**How to complete this task:** Please restate word for word the lines of the entries below from the one with "Cloudy evening sky" to the one with "Longtime Cave City", inclusive, and leave out every picture.

**Material provided:**

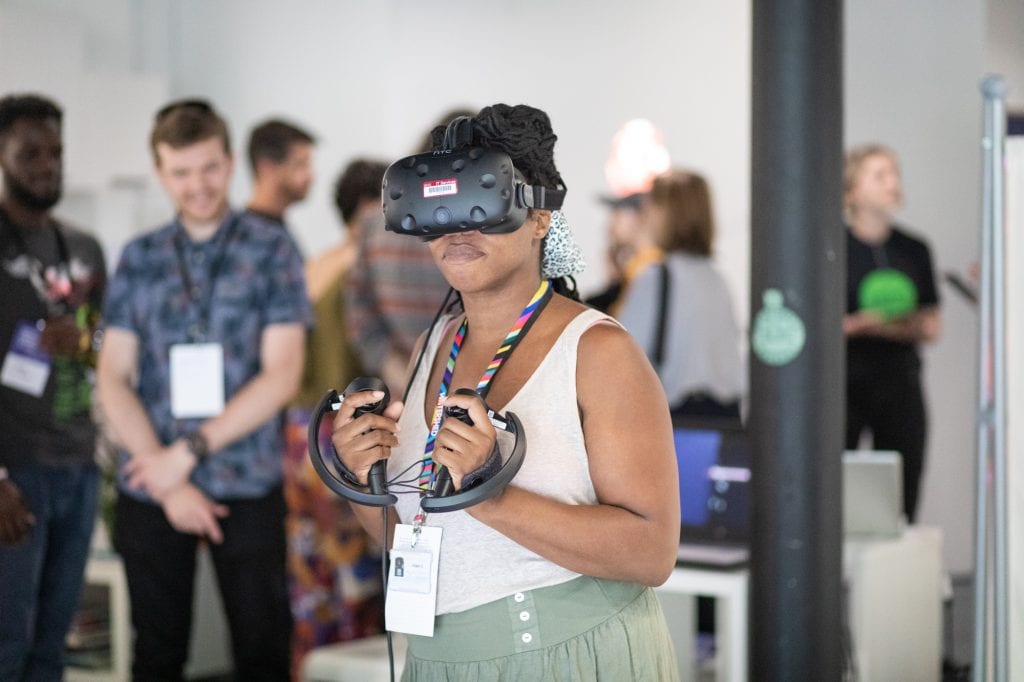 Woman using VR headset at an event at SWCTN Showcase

--

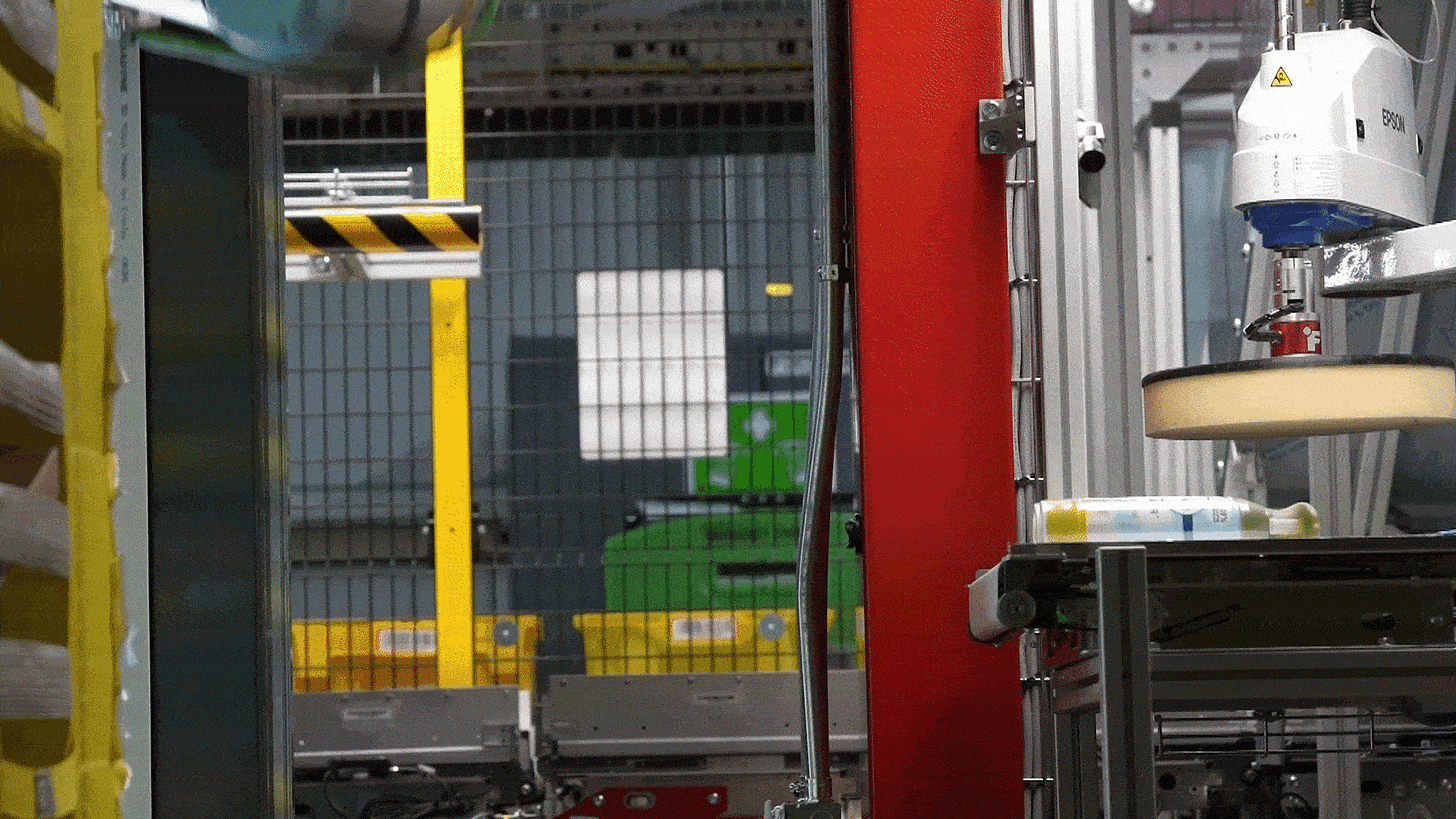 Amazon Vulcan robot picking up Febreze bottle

* * *

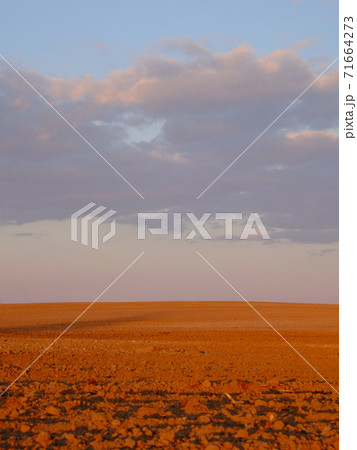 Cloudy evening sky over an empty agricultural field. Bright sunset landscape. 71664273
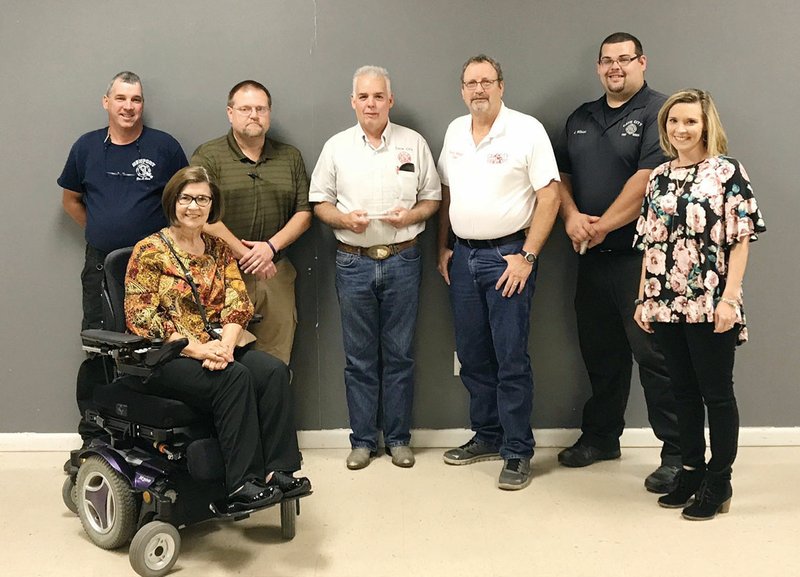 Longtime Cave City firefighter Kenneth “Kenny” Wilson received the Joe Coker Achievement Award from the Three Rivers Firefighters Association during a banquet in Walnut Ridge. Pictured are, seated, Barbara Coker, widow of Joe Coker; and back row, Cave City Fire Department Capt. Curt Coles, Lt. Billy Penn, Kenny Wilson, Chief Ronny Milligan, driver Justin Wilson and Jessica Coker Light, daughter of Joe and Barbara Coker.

**Reply:**
 Cloudy evening sky over an empty agricultural field. Bright sunset landscape. 71664273
 Longtime Cave City firefighter Kenneth “Kenny” Wilson received the Joe Coker Achievement Award from the Three Rivers Firefighters Association during a banquet in Walnut Ridge. Pictured are, seated, Barbara Coker, widow of Joe Coker; and back row, Cave City Fire Department Capt. Curt Coles, Lt. Billy Penn, Kenny Wilson, Chief Ronny Milligan, driver Justin Wilson and Jessica Coker Light, daughter of Joe and Barbara Coker.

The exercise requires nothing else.